Crop security threatened long-term
In addition, many crop wild relatives that are needed for long-term food security “lack effective protection”, the report insists, while the status of wild relatives of domesticated mammals and birds “is worsening”.
At the same time, reductions in the diversity of cultivated crops, crop wild relatives and domesticated breeds mean that farming will likely be less resilient against future climate change, pests and pathogens.
“While more food, energy and materials than ever before are now being supplied to people in most places, this is increasingly at the expense of nature’s ability to provide such contributions in the future,” the report states, before adding that “the biosphere, upon which humanity as a whole depends…is declining faster than at any time in human history”.

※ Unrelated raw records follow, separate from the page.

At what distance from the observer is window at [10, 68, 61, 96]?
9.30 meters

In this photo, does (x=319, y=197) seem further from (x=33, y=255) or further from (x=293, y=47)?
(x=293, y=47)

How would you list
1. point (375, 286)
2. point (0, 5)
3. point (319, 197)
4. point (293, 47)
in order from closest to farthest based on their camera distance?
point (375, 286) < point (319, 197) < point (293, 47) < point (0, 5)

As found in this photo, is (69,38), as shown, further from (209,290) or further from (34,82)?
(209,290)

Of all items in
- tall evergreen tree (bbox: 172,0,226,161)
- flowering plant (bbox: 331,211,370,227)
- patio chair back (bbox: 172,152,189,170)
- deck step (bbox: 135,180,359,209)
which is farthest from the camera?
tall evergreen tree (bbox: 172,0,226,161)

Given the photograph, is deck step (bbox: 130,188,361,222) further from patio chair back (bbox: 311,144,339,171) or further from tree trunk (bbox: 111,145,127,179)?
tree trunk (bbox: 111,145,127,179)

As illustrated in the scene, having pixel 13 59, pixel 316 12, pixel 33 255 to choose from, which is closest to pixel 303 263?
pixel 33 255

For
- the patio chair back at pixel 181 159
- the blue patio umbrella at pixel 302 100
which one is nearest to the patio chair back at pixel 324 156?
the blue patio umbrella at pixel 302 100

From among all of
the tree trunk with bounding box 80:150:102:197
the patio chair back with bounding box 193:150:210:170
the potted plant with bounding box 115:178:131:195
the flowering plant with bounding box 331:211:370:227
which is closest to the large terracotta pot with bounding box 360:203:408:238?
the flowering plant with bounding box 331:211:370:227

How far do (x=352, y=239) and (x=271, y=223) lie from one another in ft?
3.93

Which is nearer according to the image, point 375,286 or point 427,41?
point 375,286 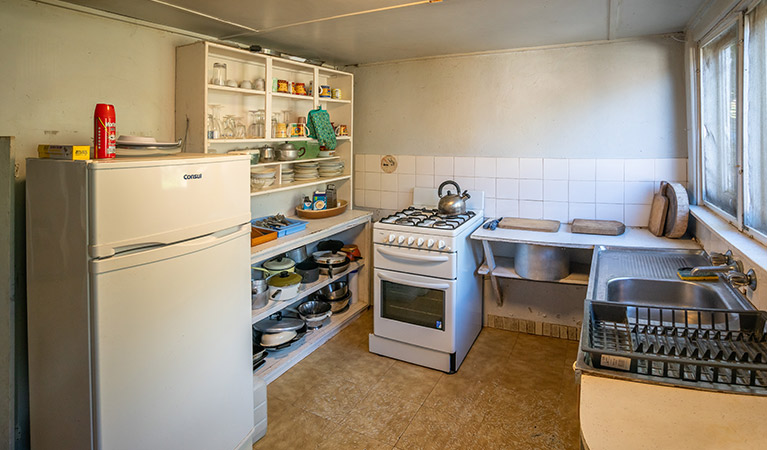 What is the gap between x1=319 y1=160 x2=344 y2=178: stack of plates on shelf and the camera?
3.72m

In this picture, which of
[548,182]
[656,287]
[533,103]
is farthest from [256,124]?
[656,287]

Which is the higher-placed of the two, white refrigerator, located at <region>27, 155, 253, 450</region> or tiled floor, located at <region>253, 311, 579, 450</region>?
white refrigerator, located at <region>27, 155, 253, 450</region>

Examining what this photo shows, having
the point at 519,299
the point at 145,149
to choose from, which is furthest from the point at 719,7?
the point at 145,149

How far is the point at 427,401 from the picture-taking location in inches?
107

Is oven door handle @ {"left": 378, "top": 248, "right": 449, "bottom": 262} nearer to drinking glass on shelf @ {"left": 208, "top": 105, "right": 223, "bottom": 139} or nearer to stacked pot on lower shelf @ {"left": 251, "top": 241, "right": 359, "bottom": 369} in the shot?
stacked pot on lower shelf @ {"left": 251, "top": 241, "right": 359, "bottom": 369}

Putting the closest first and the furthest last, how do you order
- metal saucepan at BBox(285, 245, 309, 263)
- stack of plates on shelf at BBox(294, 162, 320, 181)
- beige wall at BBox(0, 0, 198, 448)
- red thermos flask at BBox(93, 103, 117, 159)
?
red thermos flask at BBox(93, 103, 117, 159) → beige wall at BBox(0, 0, 198, 448) → stack of plates on shelf at BBox(294, 162, 320, 181) → metal saucepan at BBox(285, 245, 309, 263)

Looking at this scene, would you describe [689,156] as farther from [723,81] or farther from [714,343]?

Marine pollution ‘has increased tenfold since 1980’
On the issue of pollution, although global trends are mixed, air, water and soil pollution have continued to increase in some areas, the report insists. “Marine plastic pollution in particular has increased tenfold since 1980, affecting at least 267 species”, it says, including 86 per cent of marine turtles, 44 per cent of seabirds and 43 per cent of marine mammals.

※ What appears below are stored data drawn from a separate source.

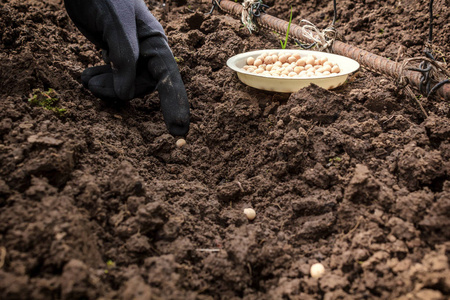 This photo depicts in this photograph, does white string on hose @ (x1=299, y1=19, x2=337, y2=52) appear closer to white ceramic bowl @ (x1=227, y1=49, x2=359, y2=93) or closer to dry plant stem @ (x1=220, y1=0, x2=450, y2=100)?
dry plant stem @ (x1=220, y1=0, x2=450, y2=100)

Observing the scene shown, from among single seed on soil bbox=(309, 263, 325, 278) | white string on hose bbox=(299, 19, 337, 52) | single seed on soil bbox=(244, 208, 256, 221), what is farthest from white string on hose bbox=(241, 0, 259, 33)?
single seed on soil bbox=(309, 263, 325, 278)

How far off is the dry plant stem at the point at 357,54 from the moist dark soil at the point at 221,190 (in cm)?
9

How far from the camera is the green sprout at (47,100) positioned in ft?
5.37

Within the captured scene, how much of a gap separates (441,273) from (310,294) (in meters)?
0.38

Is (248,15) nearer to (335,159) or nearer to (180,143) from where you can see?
(180,143)

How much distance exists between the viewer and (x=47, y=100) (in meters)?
1.68

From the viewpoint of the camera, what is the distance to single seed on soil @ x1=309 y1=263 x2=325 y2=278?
114 cm

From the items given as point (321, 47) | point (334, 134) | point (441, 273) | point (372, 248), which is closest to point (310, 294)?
point (372, 248)

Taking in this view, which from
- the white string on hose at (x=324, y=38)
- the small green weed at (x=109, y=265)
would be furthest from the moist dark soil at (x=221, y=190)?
the white string on hose at (x=324, y=38)

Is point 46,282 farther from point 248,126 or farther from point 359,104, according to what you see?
point 359,104

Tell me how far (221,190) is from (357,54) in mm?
1344

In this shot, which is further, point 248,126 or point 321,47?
point 321,47

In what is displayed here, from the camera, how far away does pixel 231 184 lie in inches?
62.2

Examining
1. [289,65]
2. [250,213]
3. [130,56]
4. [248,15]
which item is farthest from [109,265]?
[248,15] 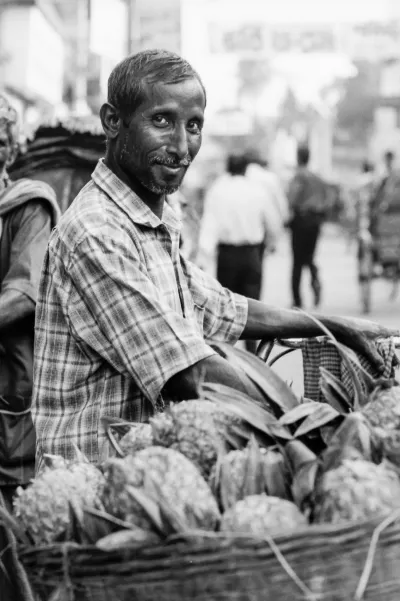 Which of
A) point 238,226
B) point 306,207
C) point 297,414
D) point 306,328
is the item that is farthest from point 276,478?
point 306,207

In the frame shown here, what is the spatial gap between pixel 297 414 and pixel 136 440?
1.02ft

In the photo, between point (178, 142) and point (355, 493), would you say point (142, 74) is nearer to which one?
point (178, 142)

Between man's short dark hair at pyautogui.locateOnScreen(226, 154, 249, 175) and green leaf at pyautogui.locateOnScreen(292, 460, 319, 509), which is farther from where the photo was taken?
man's short dark hair at pyautogui.locateOnScreen(226, 154, 249, 175)

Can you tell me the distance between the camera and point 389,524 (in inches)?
62.3

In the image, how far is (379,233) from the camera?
13719mm

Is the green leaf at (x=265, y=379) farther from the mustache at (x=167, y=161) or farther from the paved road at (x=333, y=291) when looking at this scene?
the paved road at (x=333, y=291)

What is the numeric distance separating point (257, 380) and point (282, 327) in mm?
983

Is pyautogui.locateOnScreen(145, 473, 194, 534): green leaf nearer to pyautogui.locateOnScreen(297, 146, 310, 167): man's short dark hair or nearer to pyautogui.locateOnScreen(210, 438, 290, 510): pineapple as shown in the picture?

The 2019 Global Assessment Report on Biodiversity and Ecosystem Services is also the first of its kind to examine and include indigenous and local knowledge, issues and priorities, IPBES said in a statement, noting that its mission is to strengthen policy-making for the sustainable use of biodiversity, long-term human well-being and sustainable development.
“The loss of species, ecosystems and genetic diversity is already a global and generational threat to human well-being,” insisted Sir Robert Watson, IPBES Chair. “Protecting the invaluable contributions of nature to people will be the defining challenge of decades to come. Policies, efforts and actions – at every level – will only succeed, however, when based on the best knowledge and evidence.”